- EXERCISE -
Will you output all of the data below exactly, omitting the images?

- MATERIAL PROVIDED -

*** Block opens ***

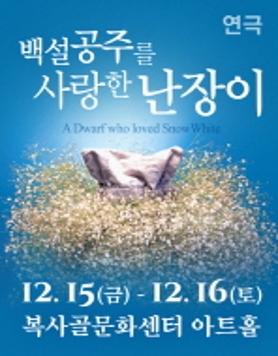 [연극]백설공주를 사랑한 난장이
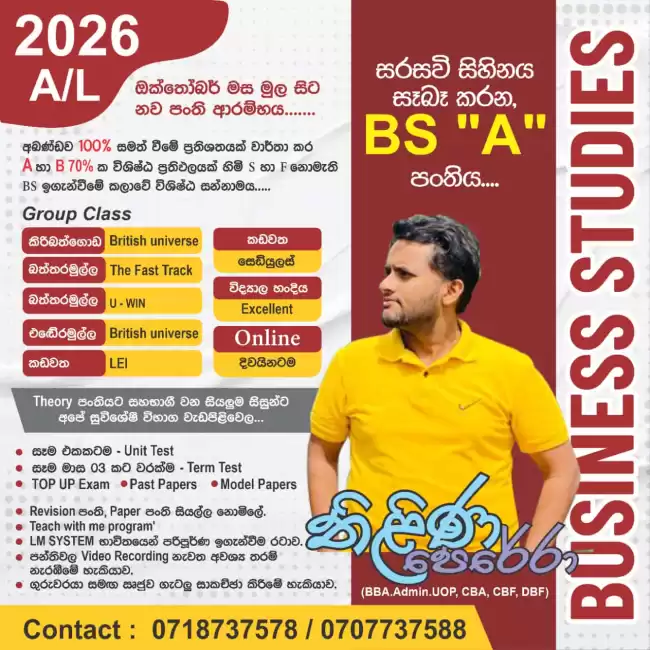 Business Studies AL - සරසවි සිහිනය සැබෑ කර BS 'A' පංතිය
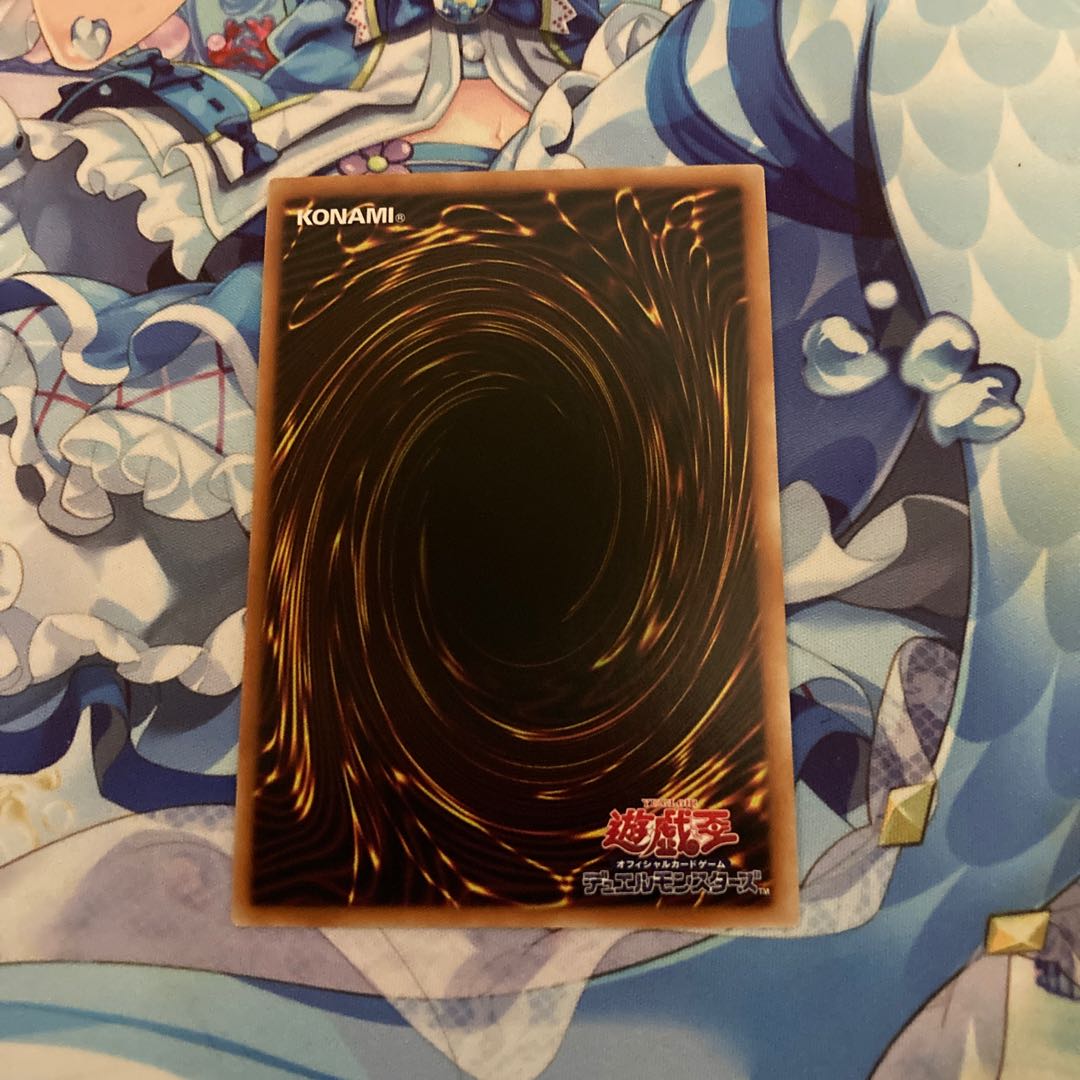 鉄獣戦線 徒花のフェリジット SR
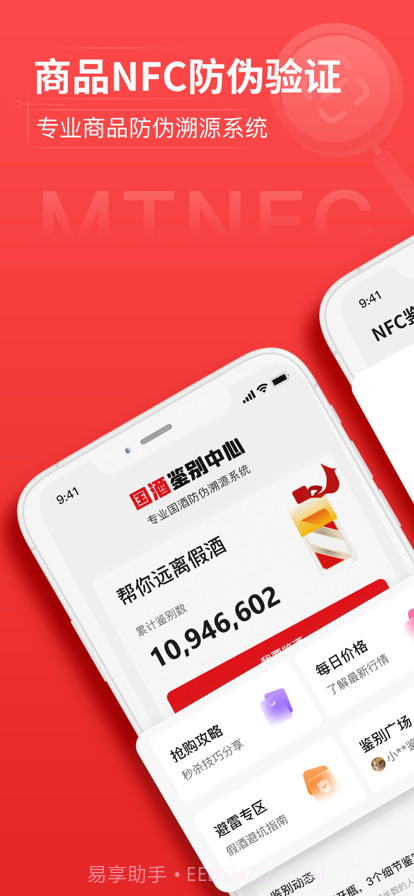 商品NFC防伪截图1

*** Block closes ***

- RESULT OF THE EXERCISE -
 [연극]백설공주를 사랑한 난장이
 Business Studies AL - සරසවි සිහිනය සැබෑ කර BS 'A' පංතිය
 鉄獣戦線 徒花のフェリジット SR
 商品NFC防伪截图1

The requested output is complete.